Il ne faut pas oublier toutefois que les exportations égyptiennes, indépendamment de la rhétorique du “souffle de vie”, ne comprenaient pas seulement des biens matériels (tissus, papyrus, métaux précieux travaillés) mais également des personnes: prêtres, médecins, mages (ce qui se résume en fait à une seule et unique classe de personnes, sans aucune distinction selon la culture égyptienne).
Au-delà de la présence “coloniale” de l’Égypte au Moyen Orient et en Nubie, l’écriture égyptienne ne se retrouve donc pas tant dans des contextes fonctionnels (souverains écrivant le hiéroglyphique/hiératique/démotique d’origine non égyptienne) que dans des milieux rituels, magiques, liés au prestige des dynastes locaux ou suscitant une simple curiosité de nature exotique. Dans tout le monde méditerranéen, on trouve donc des scarabées, des amulètes et des statuettes portant des inscriptions hiéroglyphiques, fruits de dons et d’échanges commerciaux qui concernent moins la valeur matérielle du produit (métal ou pierres précieuses au lieu de faïence) mais la valeur spirituelle, énorme, que ceux-ci revêtent. Ils guérissent, protègent, enrichissent, rendent irrésistibles ceux qui les possèdent, et, vu le grand renom des mages égyptiens, qui aura tendance avec le temps et après la conquête romaine à devenir de plus en plus un mythe, ils sont précieux, on les trouve partout et ils sont très imités.
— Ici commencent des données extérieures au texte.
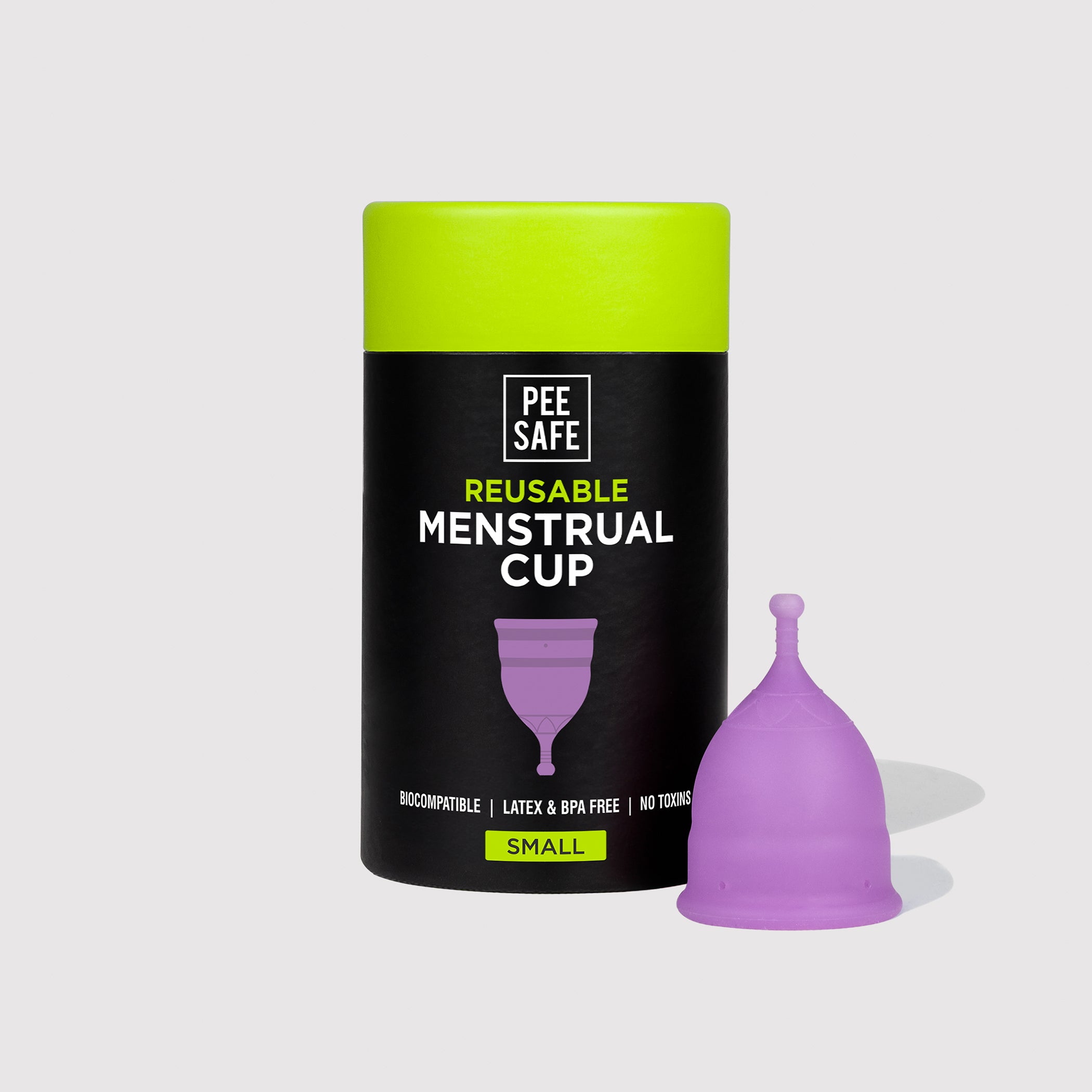 Pee Safe Menstrual Cup - Small - BYOC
A Rome, à partir de la dernière période de la République, la mode égyptienne s’impose: coiffures, bijoux, vêtements, cultes mystériques font leur apparition dans la péninsule et donnent lieu à une culture de l’imitation et de l’inspiration qui durera longtemps et connaîtra son apogée sous Hadrien: il s’agit de statues de facture égyptienne, d’obélisques avec des inscriptions imaginaires et des imitations pseudo-égyptiennes de hiéroglyphes. Le pillage des oeuvres d’art aura un rôle important, transférant à Rome, dans le reste de l’Italie mais aussi, durant le Bas Empire, à Constantinople, un nombre considérable de sculptures, d’objets divers et d’obélisques.